The plant studies of Leonardo and Dürer move us not just as remarkable works of art, but also by the faith they show in the accord between artistic and scientific inquiry. Expectations of art and science have changed since the Renaissance, but the practice of botanical art continued to flourish, most notably in the 17th through 19th centuries, in the form of florilegia — collections of images of plants from a particular garden. A handsome exhibition at the New York School of Interior Design focuses on this traditional genre, with 74 contemporary watercolors loaned by permission of one of today’s better known traditionalists: HRH the Prince of Wales.

Charles’s many enthusiasms include both gardening and art, and these watercolors, produced by 46 international artists working from the plants in his 15-acre garden at Highgrove, are now on public display for the first and only occasion. Thereafter, they will be available, at least to 175 subscribers, as reproductions in a sumptuous two-volume florilegium.

A just-completed copy of the first volume appears in a large display case. It’s indeed impressive: The reproductions are printed on hand-stitched, archival pages more than 2 feet tall, using a sophisticated lithographic process to ensure color accuracy. The real treats of the exhibition, however, are the watercolors themselves, hanging in two neat tiers around the gallery. They are stunning in their luminous precision, their graceful technique all the more extraordinary in light of the medium’s notorious difficulty.

Many of the artists positively delight — discreetly — in the physicality of their subjects. A watercolor of a fritillaria imperialis by Sally Crosthwaite (who, like most of the artists, is British) shows a clutch of leaves twisting with wonderful serpentine energy beneath a collar of vivid orange-red blossoms. The broad leaves of a rhododendron splay across the bottom half of a watercolor by Lizzie Sanders; at their upper edge erupts a fantastically dense ball of pale pink and lavender blooms.
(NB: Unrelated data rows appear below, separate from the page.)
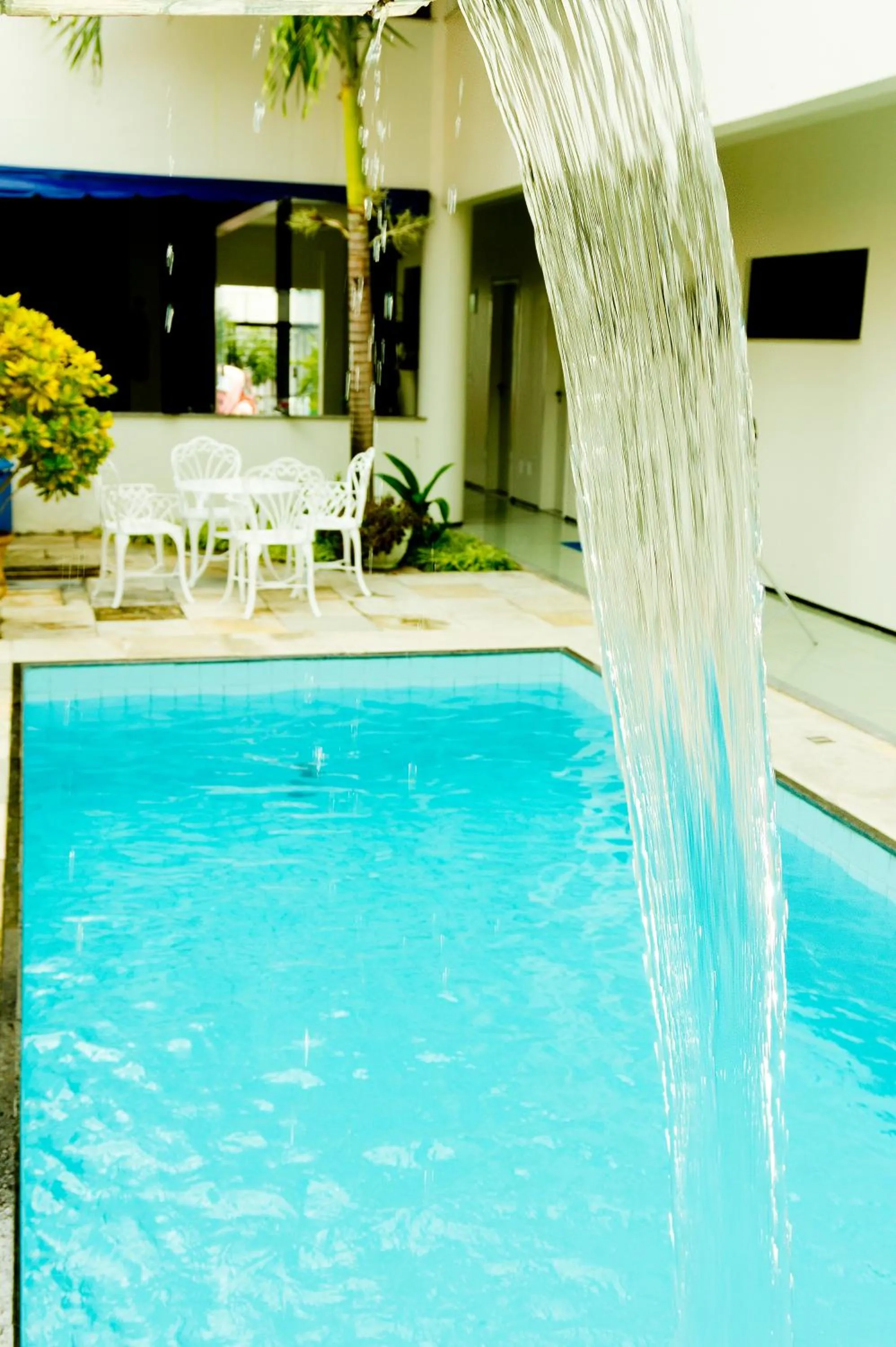 Pool view in Hotel Poyares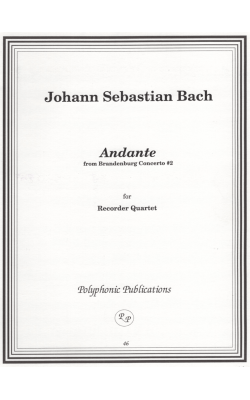 Andante from Brandenburg Concerto No 2
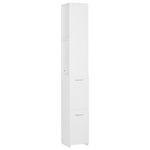 Badkamerkast 25X26,5X170 Cm Bewerkt Hout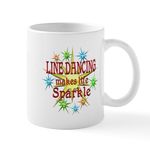 CafePress Line Dancing Sparkles Mug 11 oz (325 ml) Ceramic Coffee Mug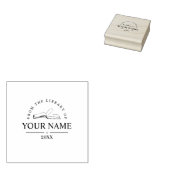 Speciaal boekstempel met zwarte tekst 	rubberstempel (Gestempeld)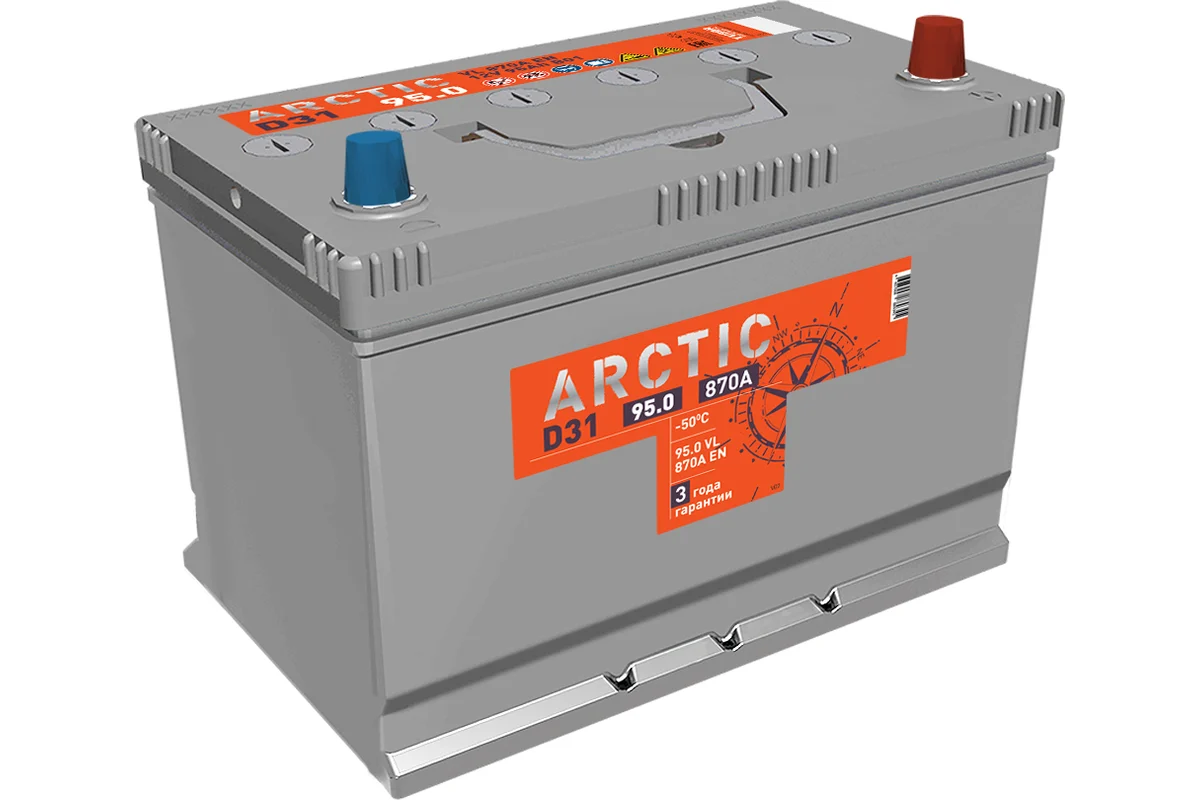 TITAN ARCTIC AGM  95 Ач обр.п. (0) - аккумулятор легковой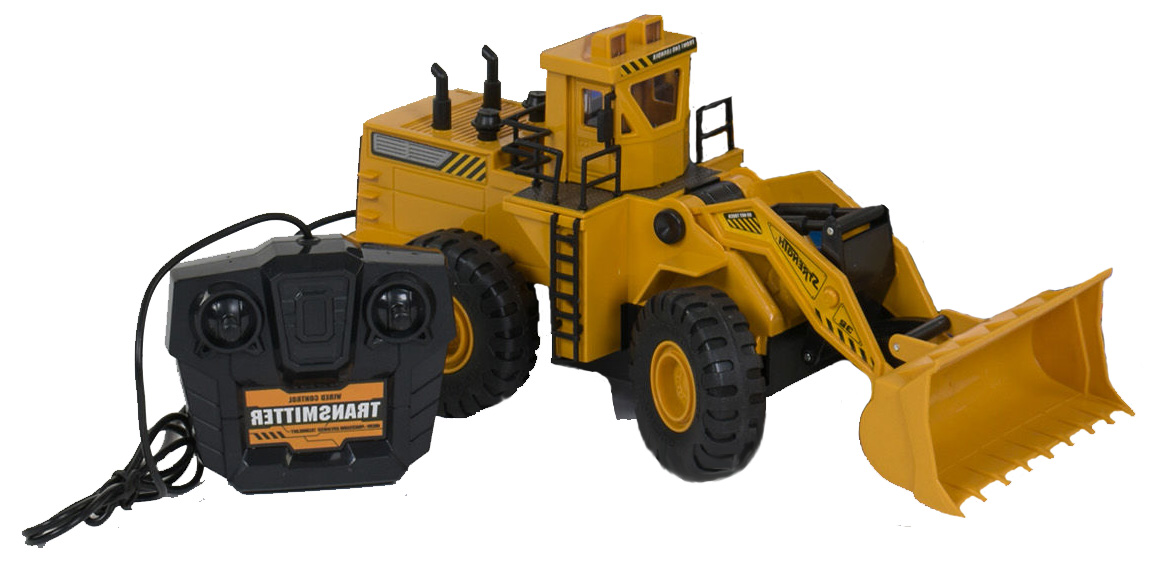

Радиоуправляемый игрушечный бульдозер A-toys 6381 на батарейках, подсветка работы ковша, оранжевый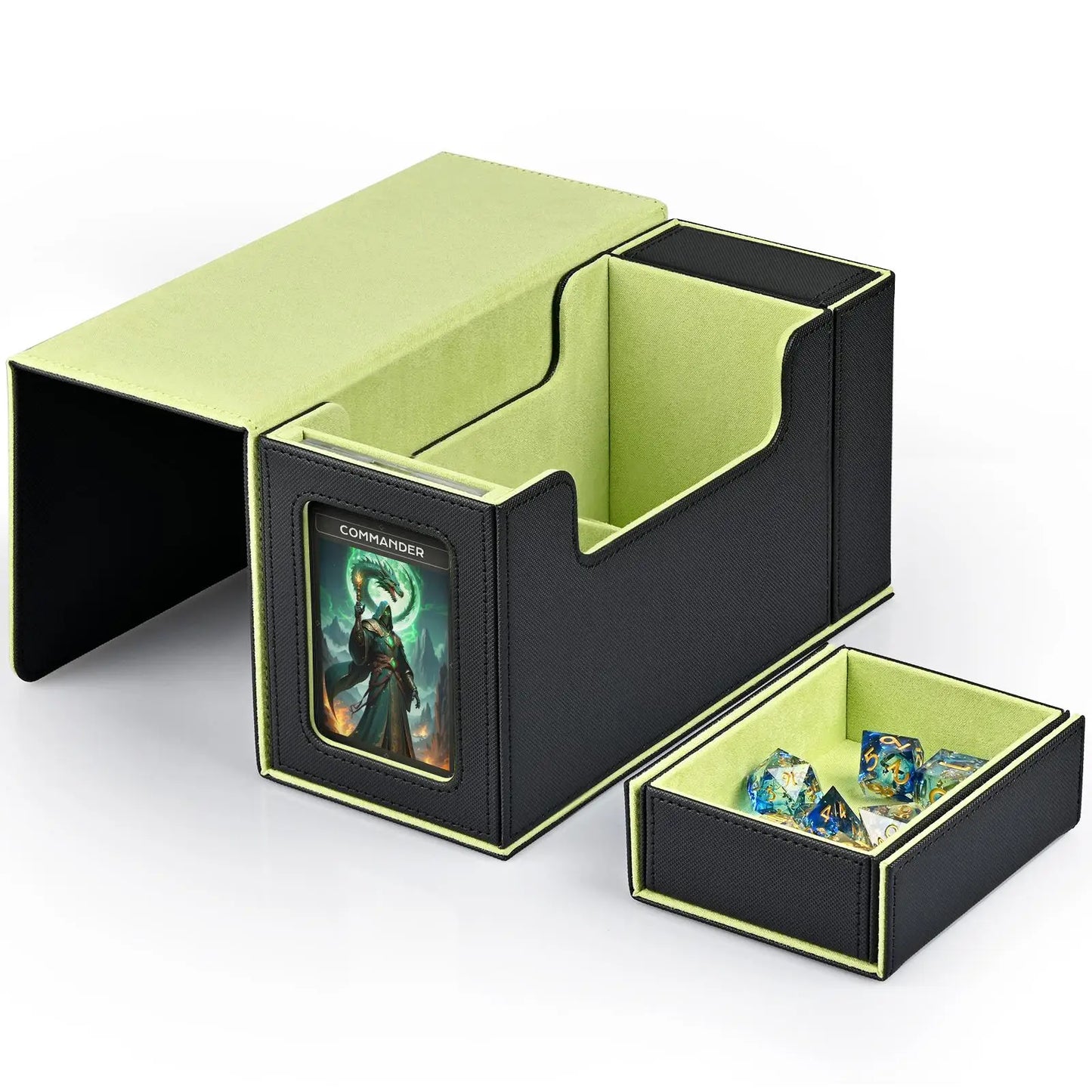Card Deck Box Display Window Perfect Gift MTG Commander Holds 200 Cards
Exceptionally delicate are the magnolia branches and flowers by Mayumi Hashi, who captures the buoyant gesture of leaves opening, wing-like, above a pale blossom.

Details of seedpods or cross-sections of fruit in the margins of some works recall the watercolors’ original purpose as scientific records. In some, the manner of rendering itself imparts a studied air; a eucalyptus branch by Sally Vincent strikes a rich but somber note with its austere forms and silvery green hues.

Volume one of the Highgrove Florilegium has been opened to the page picturing a particularly formidable vegetable: a large leek by Katherine Manisco. The original watercolor hangs nearby, and here one sees firsthand how the artist exploited, to monumental effect, the herringbone pattern of leaf sheaths. Other exquisite works in the exhibition were produced by artists from Canada, South Africa, Australia, Switzerland, France, and the United States. Interestingly, very nearly all the artists are women.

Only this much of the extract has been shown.